Dan Sys wrote:KJRB 790 was a rare catch back in the day thanks to KGMI in Bellingham. I recall hearing them a few times in the KGMI null, but not nearly good enough to sit down & give them some serious listening.
Because of the geography of the situation, those of us in East Burnaby had it a little easier than you, when it came to listening to KJRB (formerly KNEW) with KGMI on the air. Overall though, more painful than listening to XERB under KING on 1090, but with other stations causing havoc, too.
Once my father helped me build a decent 4' tuned box loop, and before CJJC moved to 800, KGMI could be easily nulled pretty much completely, but it left CFCW, not KJRB, pretty much in the clear.
The result was pretty much the same: I never got to listen to much of KJRB/KNEW.
I did listen to a fair amount of KXLY for a while around 1964 or 1965, as they came in quite well in the evening, and were Top 40. But, like you, it was KGA that always provided the best signal from Spokane: 24/7 in the winter months. And for one short year (of Top 40) were simply a joy to listen to. Mostly evenings with Shane, admittedly.

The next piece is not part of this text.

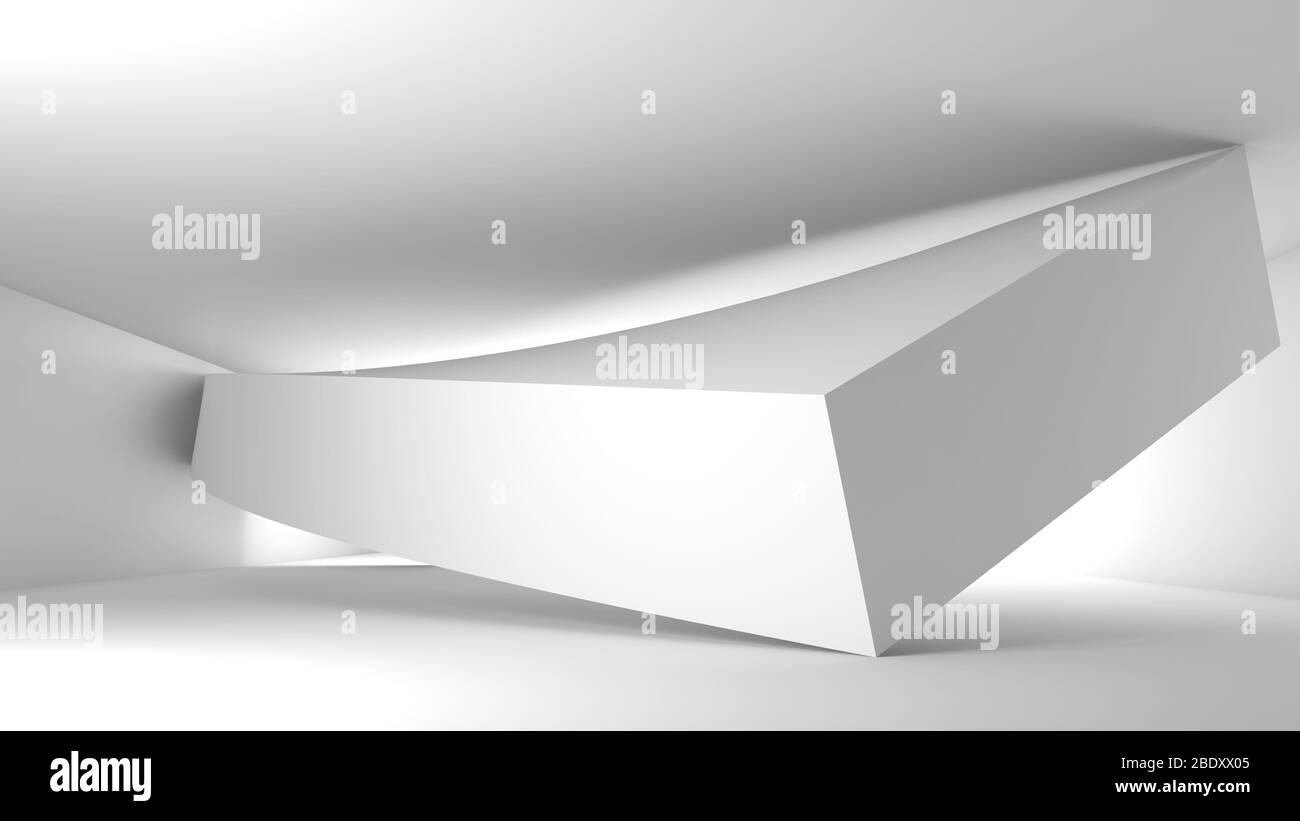 Abstrakt weißer Hintergrund mit Soft-Box-Installation in einem Raum, 3d-Rendering-Illustration Stockfoto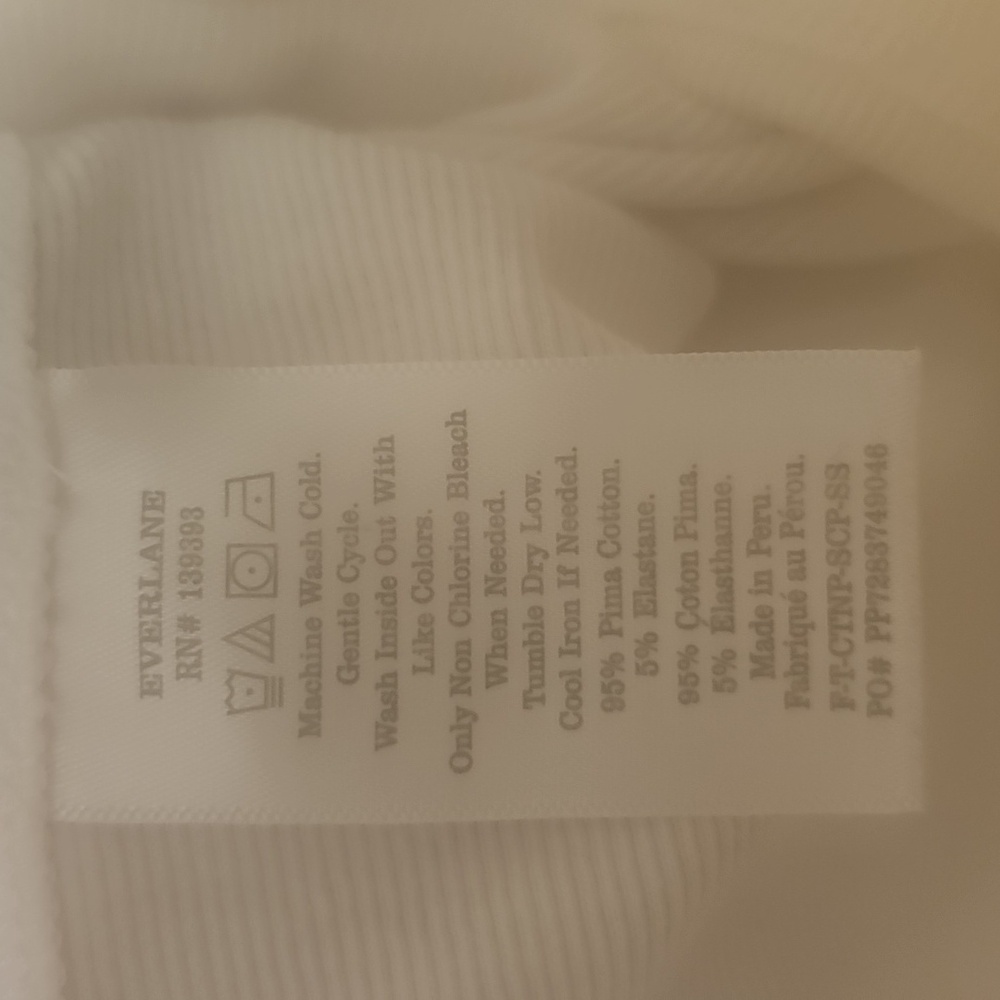 Everlane Luxe Rib Scoop-Neck Tee White Size Small - Picture 6 of 6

I don't know the exact date, but I think it was early in their Top 40 year that KGA built a new transmitter site that gave them a dynamite signal. More than 10 years later, visiting San Diego, they were the strongest non-local on the dial (I'm counting Tijuana and area as local). Up to the end of the Top 40 era, they continued to use the old transmitter site for station events that involved large numbers of listeners.
I only own 3-4 EKKO stamps, and KGA is one of them.
As for other Spokane stations, my grandfather built his first radio, a "Cat's Whisker", to listen to the Jack Dempsey world championship fight on KHQ in the mid-1920s. He lived in Spokane during the 1920s, moving to Burnaby shortly after the Depression hit.
Philco Bill, who runs the site, is a DX'er from way back.